__GIVEN DATA__:
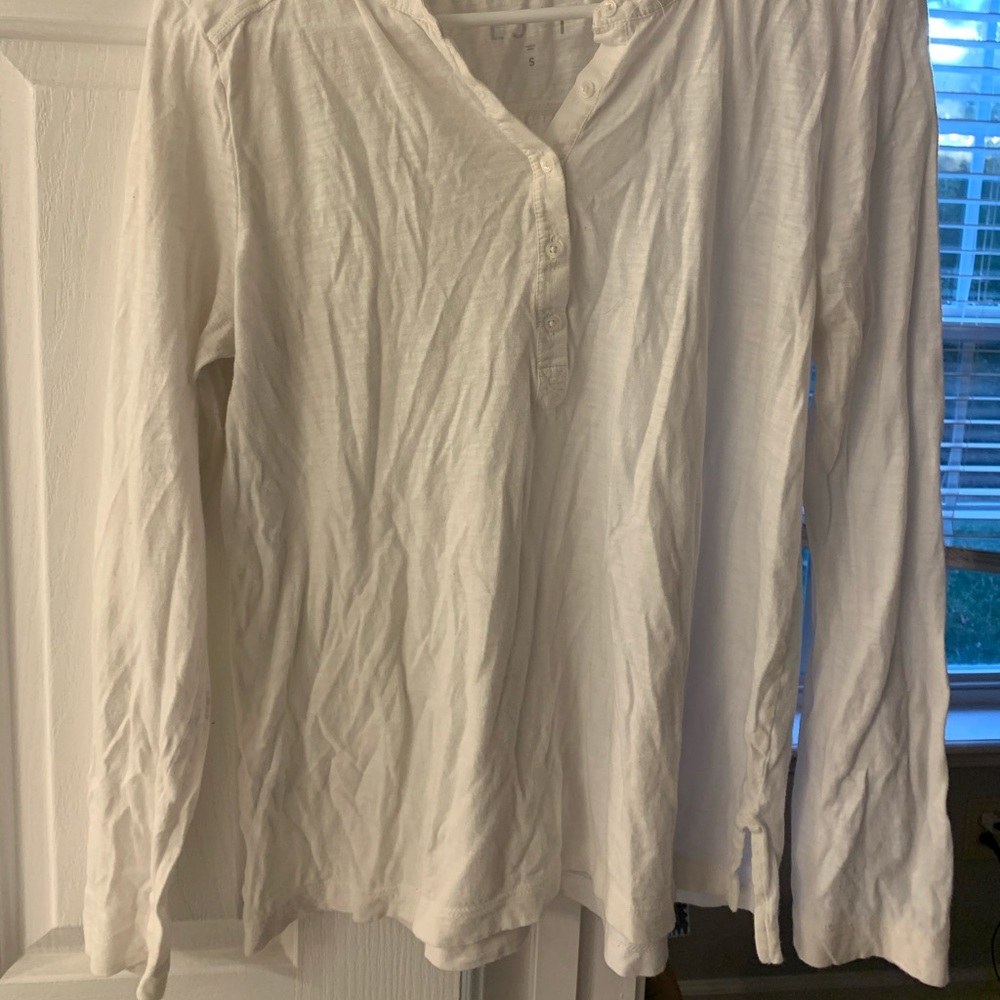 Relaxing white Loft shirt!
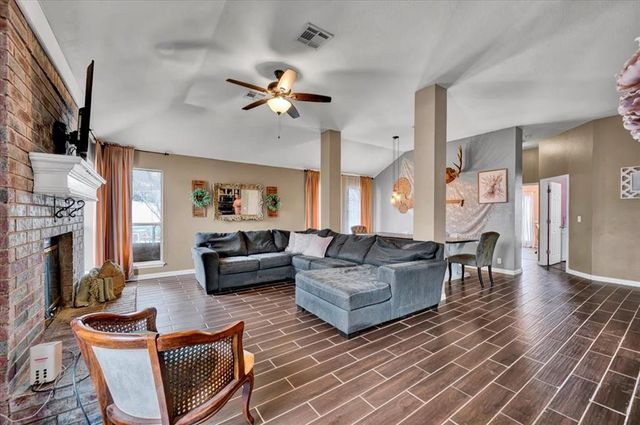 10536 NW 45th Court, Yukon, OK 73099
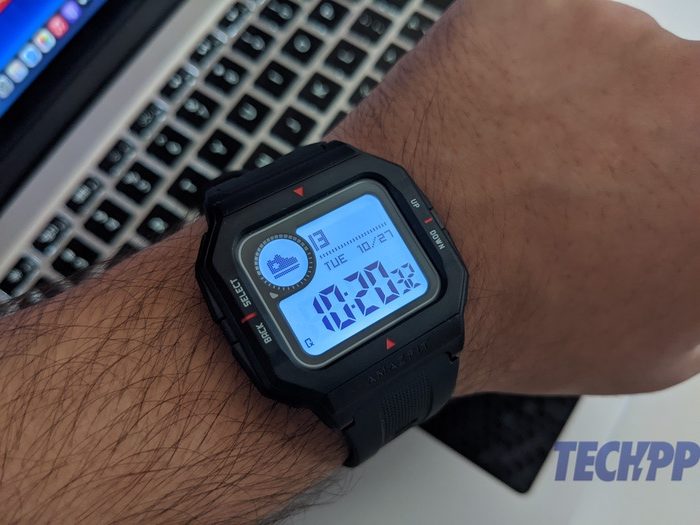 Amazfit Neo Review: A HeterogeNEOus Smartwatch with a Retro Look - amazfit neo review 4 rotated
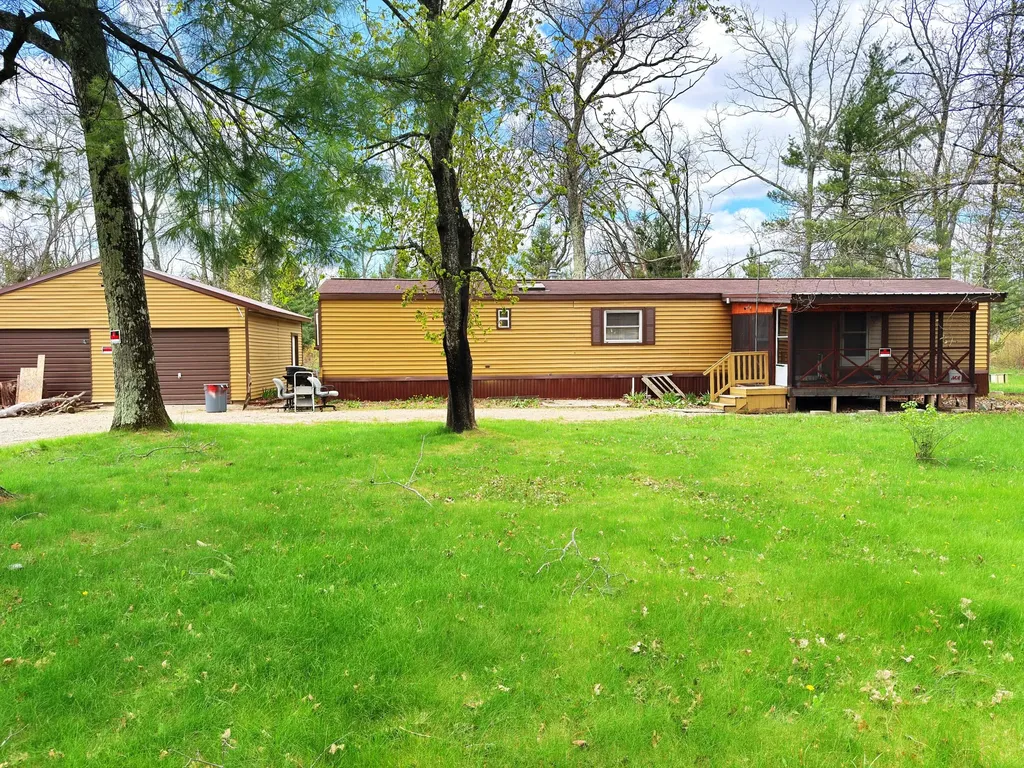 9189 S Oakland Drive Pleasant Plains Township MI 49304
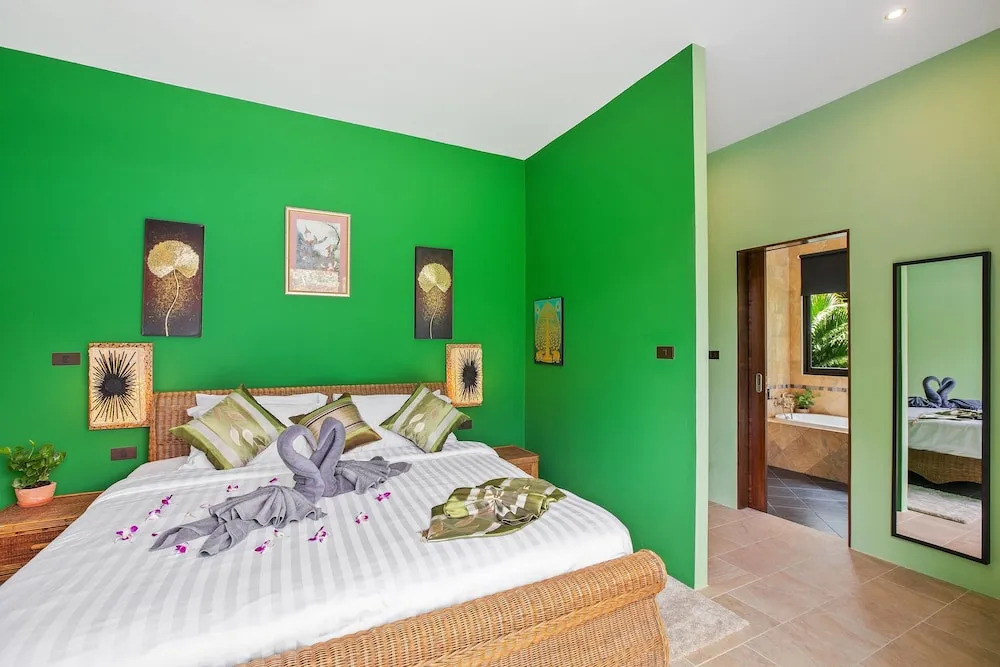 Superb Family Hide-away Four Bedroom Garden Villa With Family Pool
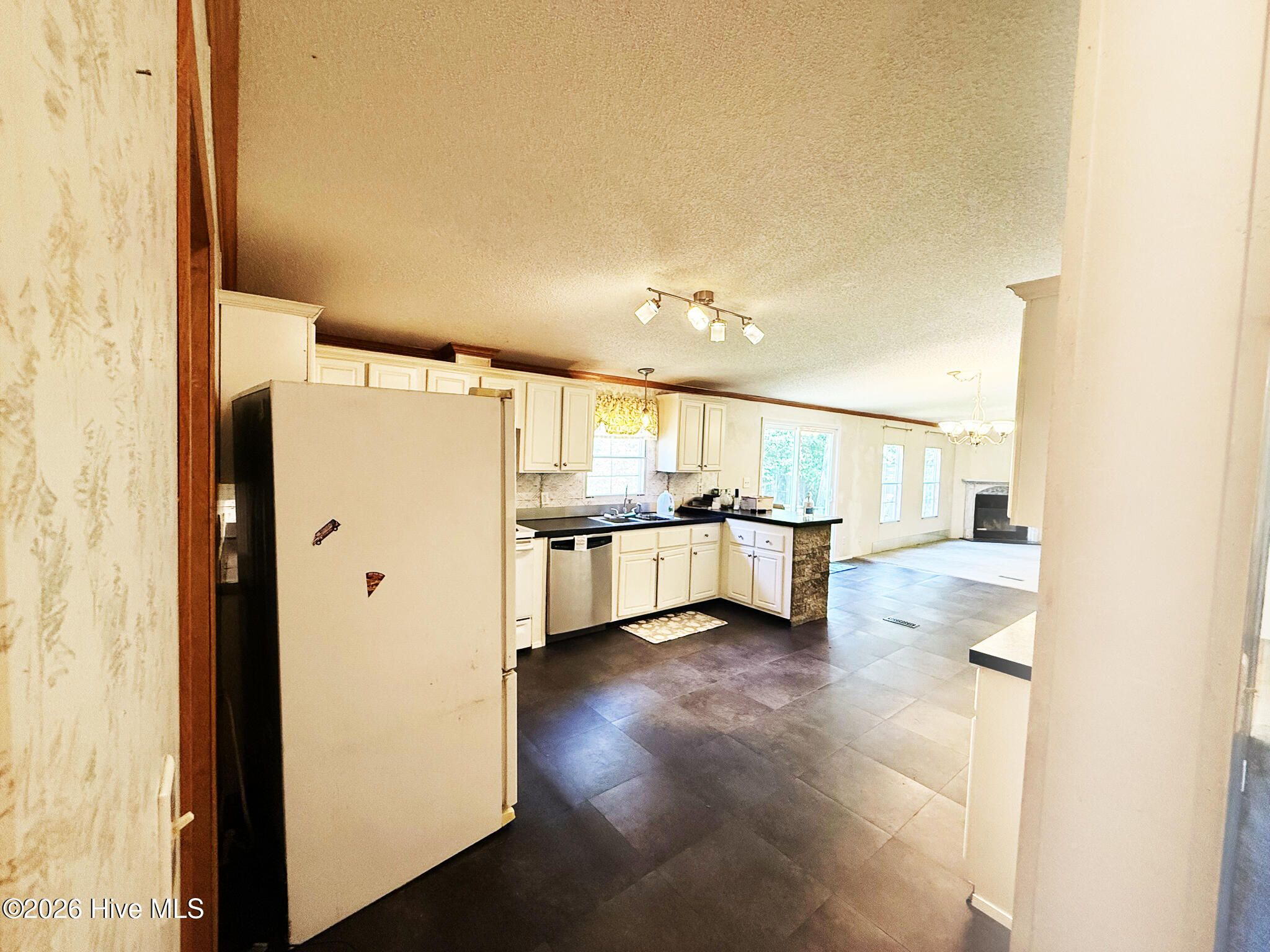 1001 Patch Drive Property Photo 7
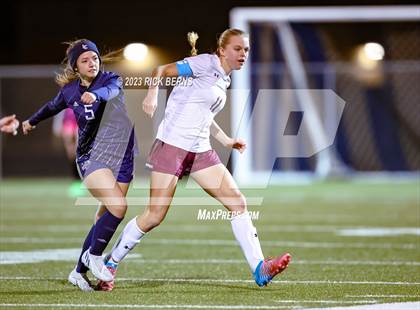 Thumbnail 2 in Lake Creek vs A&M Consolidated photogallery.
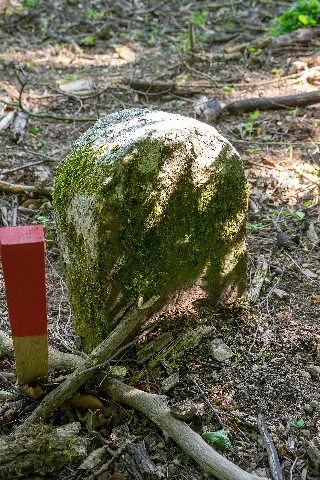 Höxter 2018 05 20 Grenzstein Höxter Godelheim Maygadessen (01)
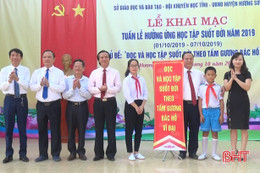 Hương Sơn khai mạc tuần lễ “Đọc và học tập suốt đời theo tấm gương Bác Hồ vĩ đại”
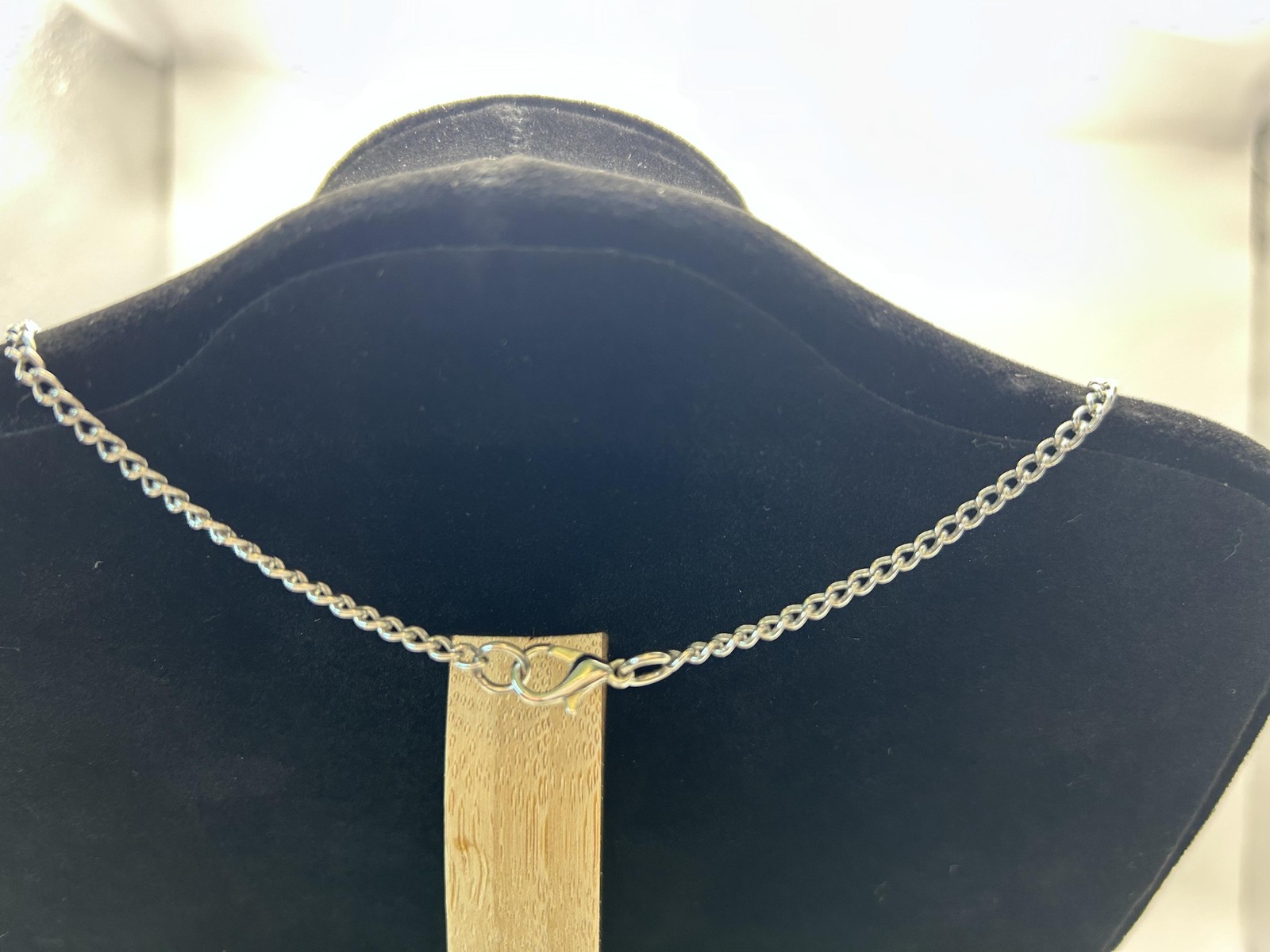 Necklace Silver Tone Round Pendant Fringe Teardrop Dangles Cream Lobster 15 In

__EXERCISE__:
Repeat each line word for word, from the one with "Hương Sơn khai" down to the last line of the data, and keep the pictures out of it.

__RESPONSE AREA__:
 Hương Sơn khai mạc tuần lễ “Đọc và học tập suốt đời theo tấm gương Bác Hồ vĩ đại”
 Necklace Silver Tone Round Pendant Fringe Teardrop Dangles Cream Lobster 15 In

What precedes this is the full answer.